[SPARK-56322][CONNECT][PYTHON] Fix TypeError when self-joining observed DataFrames by mwojtyczka · Pull Request #55140 · apache/spark

mwojtyczka · 2026-04-01T14:36:16Z

What changes were proposed in this pull request?

Fixing bug: https://issues.apache.org/jira/browse/SPARK-56322

Replace dict(**a, **b) with {**a, **b} dict literal syntax when merging observations across plan branches in Join, AsOfJoin, LateralJoin, SetOperation, and CollectMetrics.

Why are the changes needed?

When a DataFrame with .observe() is filtered into two subsets and then self-joined, both branches of the join carry the same Observation instance under the same name. The observations property merges left and right observations using dict(**left, **right), which raises TypeError when both dicts contain the same key:

TypeError: dict() got multiple values for keyword argument 'my_observation'

This is a Python semantics issue — dict(**a, **b) treats each key as a keyword argument, and Python does not allow duplicate keyword arguments. The dict literal {**a, **b} does not have this restriction and silently lets the last value win, which is correct here since both values are the same Observation instance originating from the same .observe() call.

Why "last value wins" is safe here: When a DataFrame is observed and then branched (filtered, aliased), both branches inherit a reference to the same Observation instance. The duplicate keys in the merge always map to the identical Python object — there is no scenario where two different Observation instances share the same name within a single plan tree. Therefore, deduplication does not lose any data.
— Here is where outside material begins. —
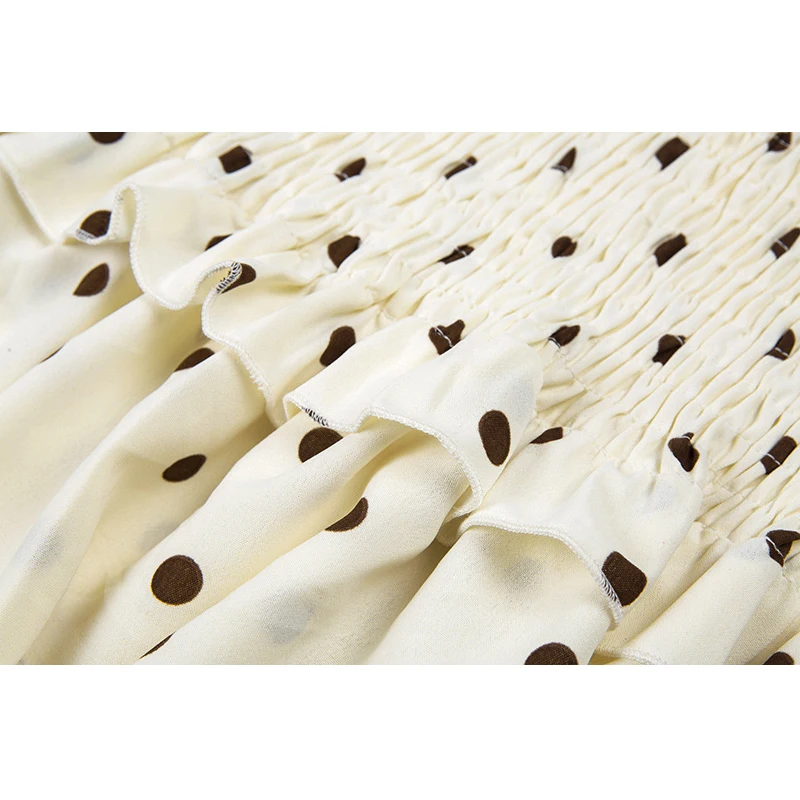 

Vintage Women Dot Ruffle Dress Casual High Waist Sleeveless Dress Elegant Long Bodycon Summer Office Dress for Summer Vestidos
This pattern affects any workflow that:

Observes a DataFrame (e.g., for monitoring row counts or data quality metrics)
Filters or transforms it into multiple subsets
Joins the subsets back together

This is common in data quality pipelines (split into valid/invalid rows, then rejoin) and ETL workflows that branch and merge.

How to reproduce

from pyspark.sql import Observation
from pyspark.sql.functions import count, lit

obs = Observation("my_observation")
df = (
    spark.range(100)
    .selectExpr("id", "case when id < 10 then 'A' else 'B' end as group_key")
    .observe(obs, count(lit(1)).alias("row_count"))
)

# Filter into two subsets — both carry the same observation
df1 = df.where("id < 20")
df2 = df.where("id % 2 == 0")

# Self-join triggers the bug
joined = df1.alias("a").join(df2.alias("b"), on=["id"], how="inner")
joined.collect()
# TypeError: dict() got multiple values for keyword argument 'my_observation'

Does this PR introduce any user-facing change?

Yes — self-joining an observed DataFrame no longer raises TypeError. No behavior change for joins where observations don't overlap (the common case).

How was this patch tested?

Added unit tests in test_connect_plan.py covering:

Join with duplicate observation names (the reported scenario)
Join with distinct observations (regression check)
SetOperation with duplicate observation names
CollectMetrics with parent sharing the same observation name

All tests fail on the unpatched code with the exact TypeError and pass with the fix.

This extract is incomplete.